Тимоха мешкал, помирать не хотелось, но басмановский взгляд - "да я ж для него покойник" - и некуда было деваться.

- Па-ашел, мать твою! - рявкнул Басманов, и Тимоха, перехватив знамя повыше, чуя невыносимую предсмертную свободу, погнал коня с холма. "Помрем - забота не наша, - орал он на скаку, слезы ветер сжигал сразу же, еще на ресницах. - Голова - наживное дело!"

- Грешно чужою кровью откупаться, - пробормотал Сидоров, впрочем, не осуждая ничуть. К оврагу он не спешил, потому что наперед был уверен, что не добраться.

- Ага, - Басманов наклонил свое знамя к самой земле, давая знак к отступлению, и со всех сторон загудели, завыли горны и хрипатые зурны. - Ты сказал что? Эй, Арсюха! Лучники готовы? Ну ладно, я доволен. Проводи воеводу в овраг, а то он еле жив. - И, нагнувшись, поцеловал его. - Прощай покуда. Знаешь, я передумал что-то помирать, и ты держись..." -- "Прощай," - вяло отозвался Сидоров. Склоняясь в седле все ниже и ниже, он ехал к дубраве и уже не слышал за спиной звуков битвы.

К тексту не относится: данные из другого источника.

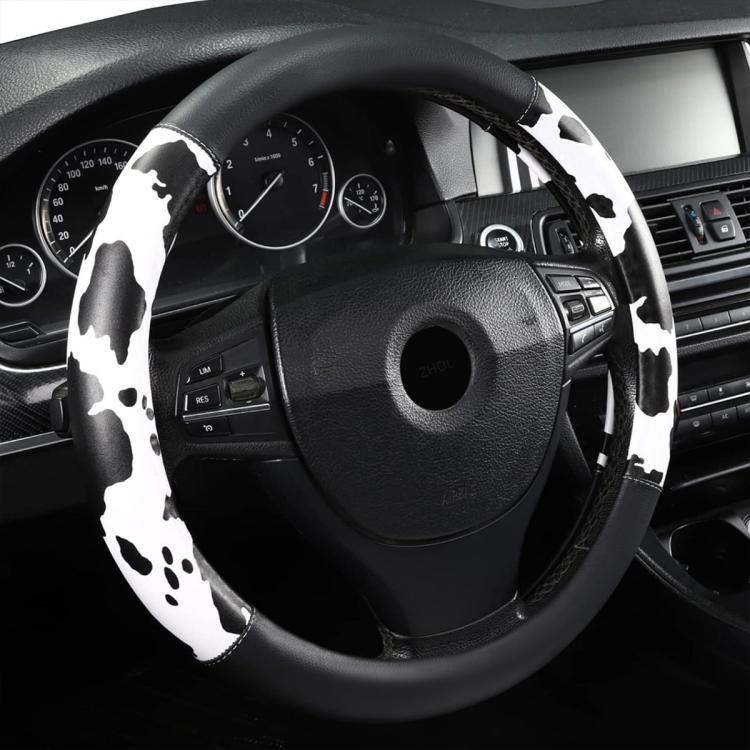Cow print steering wheel cover in black and white, wrapping wheel grips and spokes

Басманов же мотался по всему полю, и от трехдневной бессонницы себя не чуял, одна легкость осталась. Стрела насквозь пройдет, как сквозь дым. Он прикинул, что тысяч пять им с Сидоровым все ж удалось собрать, и заорал сорванным голосом: "Все, отходим!" Но и так уж все бежали, татары висели на хвосте, но лучники из оврага их шуганули, те развернулись, пылью брызнули, и - поминай как звали.

Басманов cпустился в овраг одним из последних, от легкости и предельной усталости он как на крыльях летал. Навестил раненого Сидорова. "Ну, повеселел? Шереметев тоже оклемался, а то колодой лежал. Эх, пошла наша полоса. Щас передохнем, и они попрут, а мы их стрелами. Мать твою, да в этом овраге мы и год просидим, дом родной"...

Сидорову все ж плохо было. Он не слышал, как трижды приступал Девлет со всем войском, и трижды был отбит, как пошел дождь и лошади скользили на мокром склоне, ломая ноги, и как в десяти шагах от него сотника укусила гадюка, и он катался по земле, а никто не подошел, потому что татары снова пошли на приступ. Только одно он услышал четко, сквозь болезнь и боль. "Уходят! - кричал кто-то молодо и звонко. - Татары уходят!"